Laura detalló a Primer Plano On Line que se fue a vivir a esa casa hace 20 años y el árbol ya estaba en la vereda. “Altísimo, pero sano”, recuerda. Con el paso del tiempo se fue deteriorando, partes se le fueron muriendo y se iban cayendo a pedazos. La vivienda de su vecino, el que se negó sistemáticamente a sacarlo, tiene 3 pisos, y el árbol los superaba en altura ampliamente. “De hecho, cayó sobre mi domicilio sobre la calle Neuquén y la copa terminó sobre Chaco, a la vuelta”, describió la mujer. En los últimos tiempos el vecino hasta cortó el diálogo.
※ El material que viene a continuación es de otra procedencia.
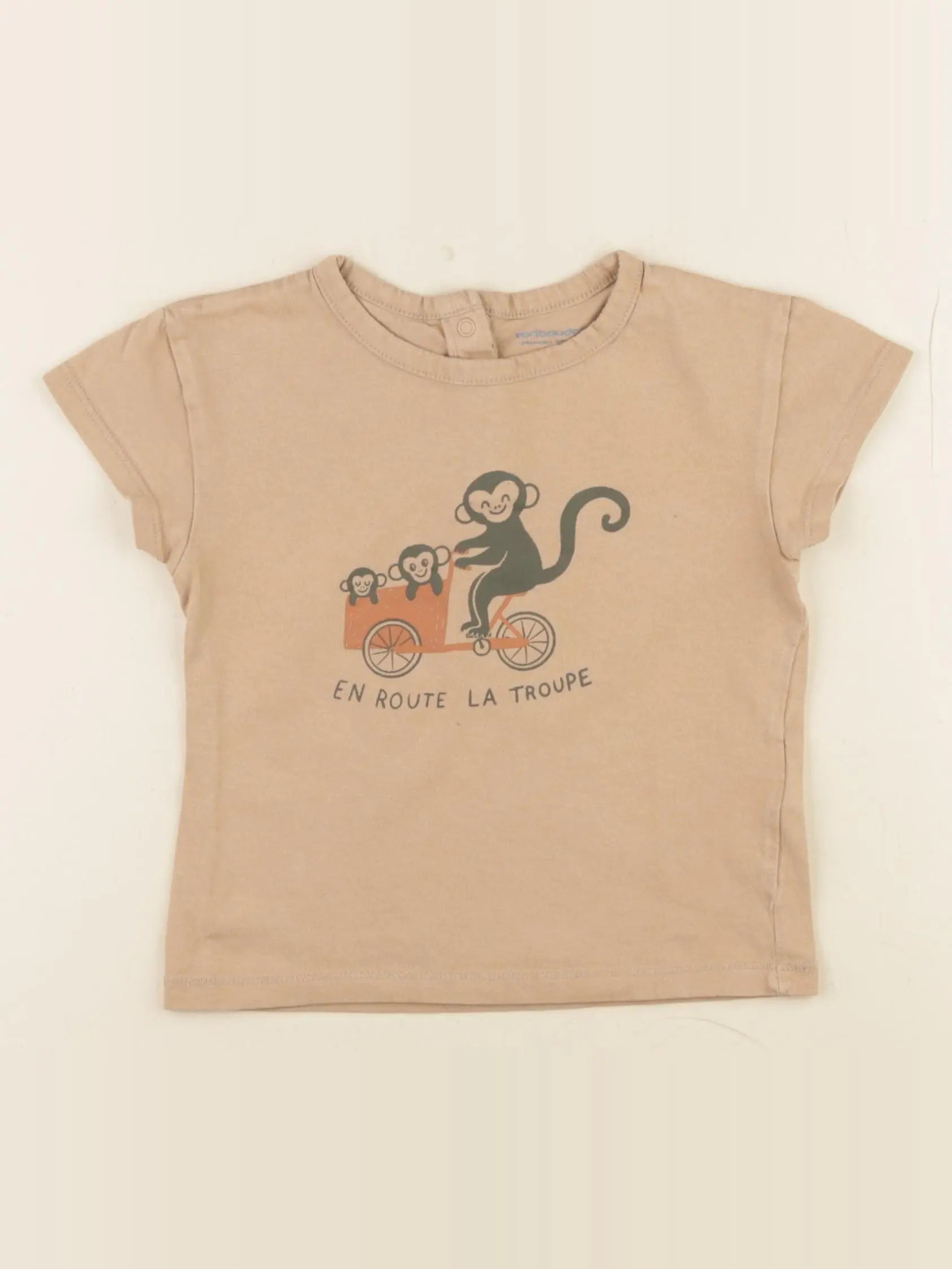 Vertbaudet - tee-shirt marron - 24 mois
Árbol en casa en El Palomar
La casa de Laura y las roturas que sufrió por la caída del árbol sobre su estructura

“Hoy pasó una chica, que me dejó una boleta y me dijo ‘esto es tuyo, en un rato lo vienen a descargar’. Yo no puedo salir de casa, porque me paro en el frente y me pongo a llorar”, describe. Efectivamente, a la hora llegó un camión que descargó un bolsón de arena y ladrillos. “Mi nene tampoco quiere salir porque dice que su casita está fea”, agrega. Y recuerda la rápida respuesta que recibió de los bomberos y de Defensa Civil, que a los pocos minutos acudieron al domicilio pero que no pudieron prácticamente hacer nada porque los cables chispeaban. “Nos dijeron que era un milagro que estuviéramos vivos, y que eso ante la magnitud de la desgracia, era lo más importante”, rememora.
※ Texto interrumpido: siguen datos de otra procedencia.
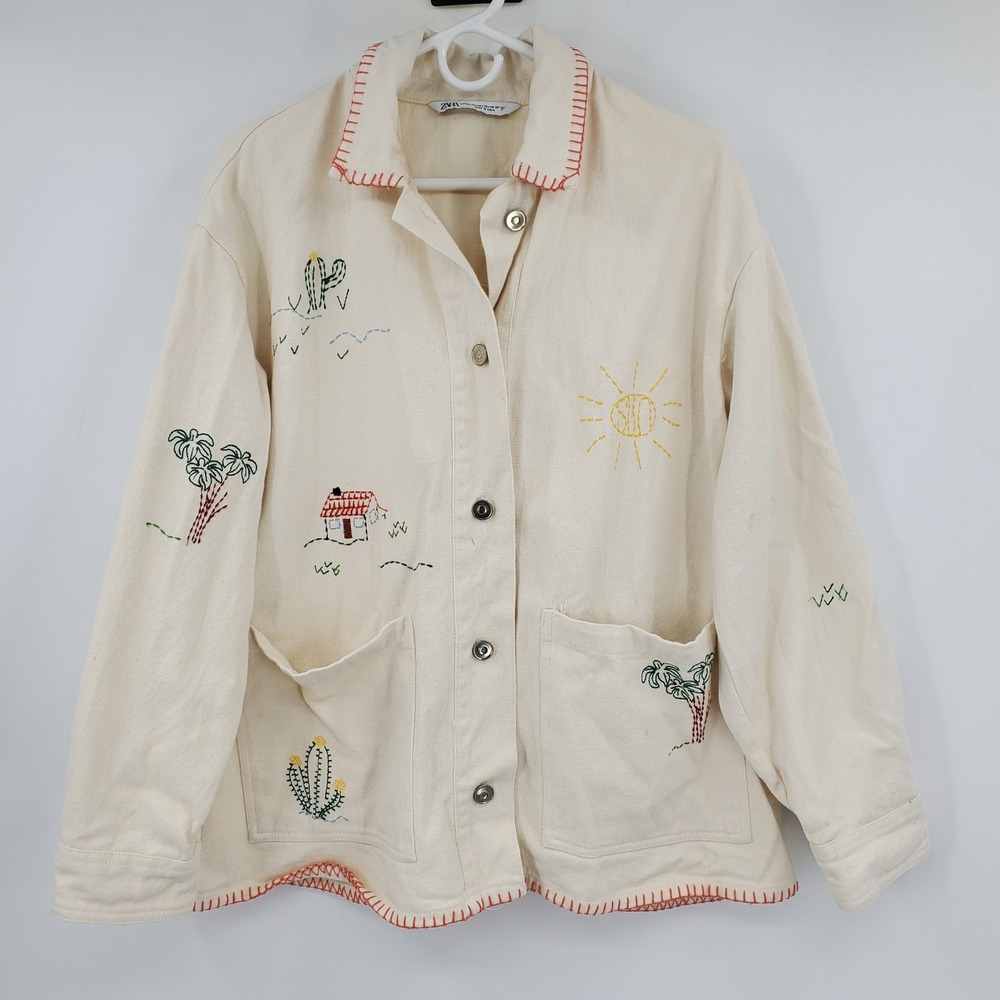 Zara Cream Embroidered Jean Jacket with Multicolor Details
El árbol atravesado en esa casa de Neuquén 944 se transformó durante casi cinco días en una suerte de atracción para la gente que pasaba por allí. Cuenta la mujer que fueron infinitas las cantidades de selfies que se sacaron personas en el lugar, a los que ella no conoce y veía desde la ventana. El jueves por la tarde apareció una moto roja en la casa de Laura buscando su dirección. Cuando ella se asomó para saber si era algún tipo de ayuda se sorprendió: le llevaba un aviso de que se estaba por caer un árbol. “¿Me estás cargando?”, le preguntó, y se negó a firmar la recepción de la nota.

Ahora, como en todo temporal, está intentando ver cómo organiza su vida para iniciar la reconstrucción. Y espera una mano del Estado para que todo llegue en el menor tiempo posible.